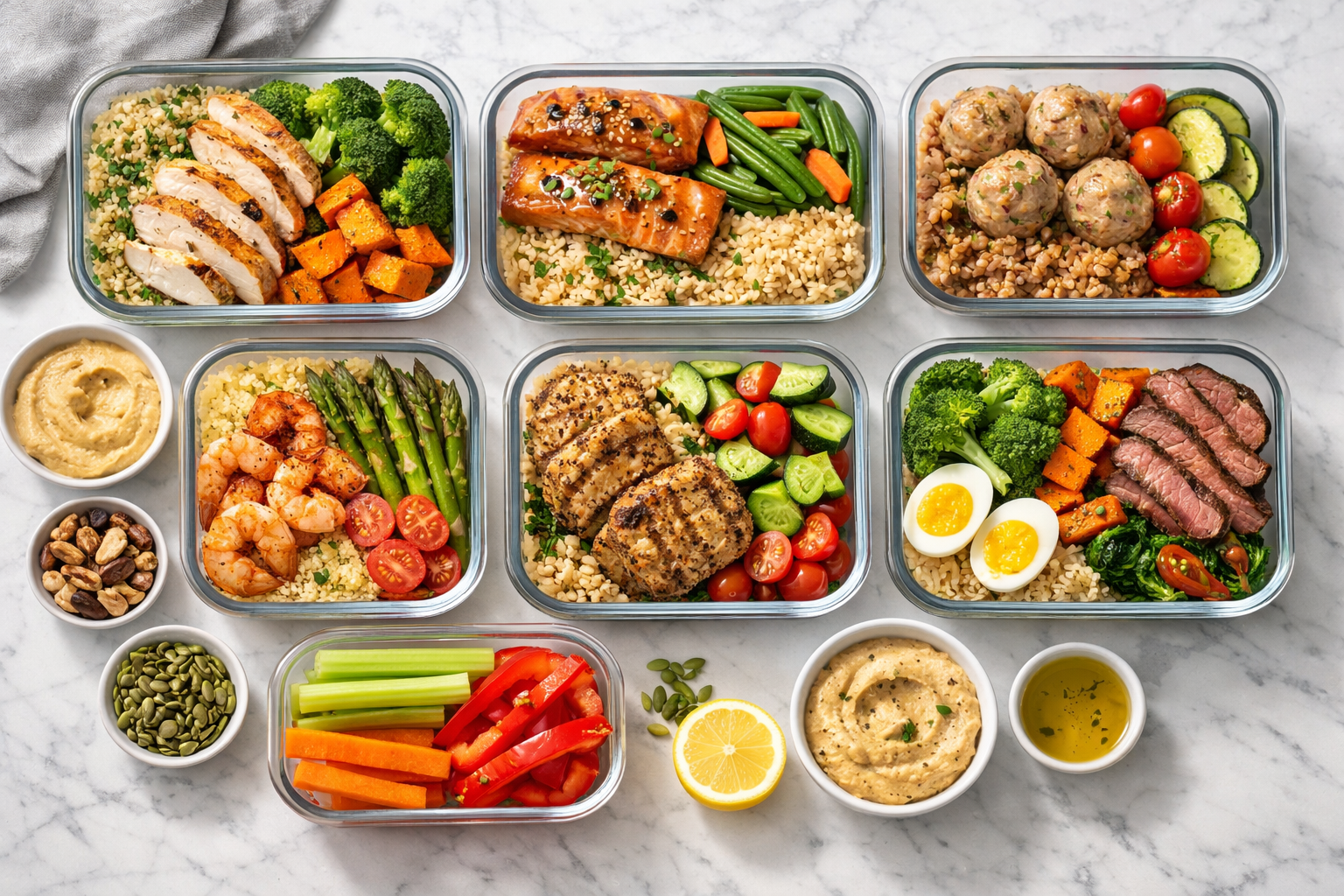 Overhead view of a balanced meal prep with colorful vegetables, lean proteins, whole grains arranged in glass containers on a white marble surface, natural lighting, food photography style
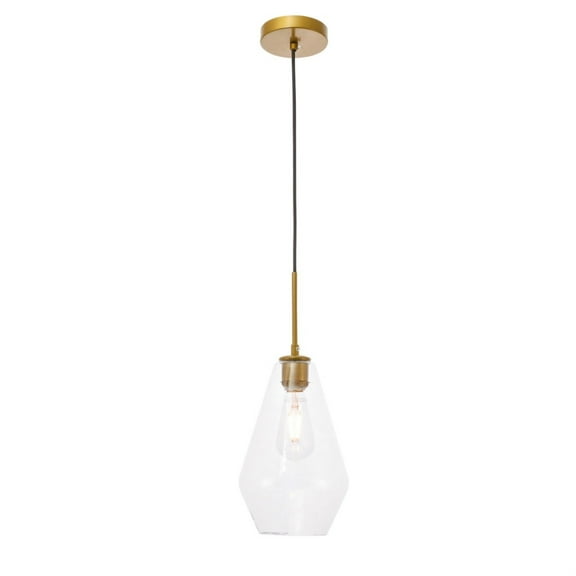 Gene 1 light Brass and Clear glass pendant
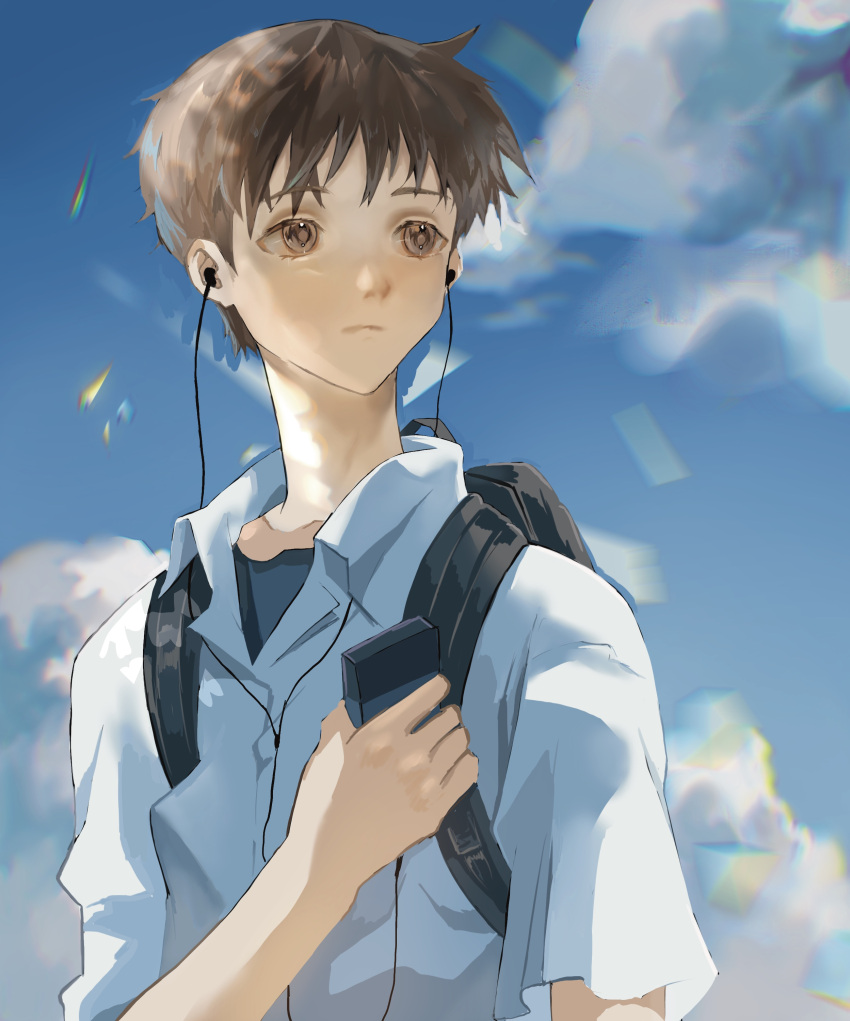 1boy absurdres backpack bag blue_sky brown_eyes brown_hair cassette_player closed_mouth clouds collarbone collared_shirt earphones earphones expressionless highres ikari_shinji listening_to_music male_focus neon_genesis_evangelion shirt short_hair sky solo white_shirt zuuin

----

- EXERCISE BRIEF
From the line with "Gene 1 light Brass and Clear glass pendant" to the last line above, restate each line word for word, but skip the pictures.

- EXERCISE OUTPUT
 Gene 1 light Brass and Clear glass pendant
 1boy absurdres backpack bag blue_sky brown_eyes brown_hair cassette_player closed_mouth clouds collarbone collared_shirt earphones earphones expressionless highres ikari_shinji listening_to_music male_focus neon_genesis_evangelion shirt short_hair sky solo white_shirt zuuin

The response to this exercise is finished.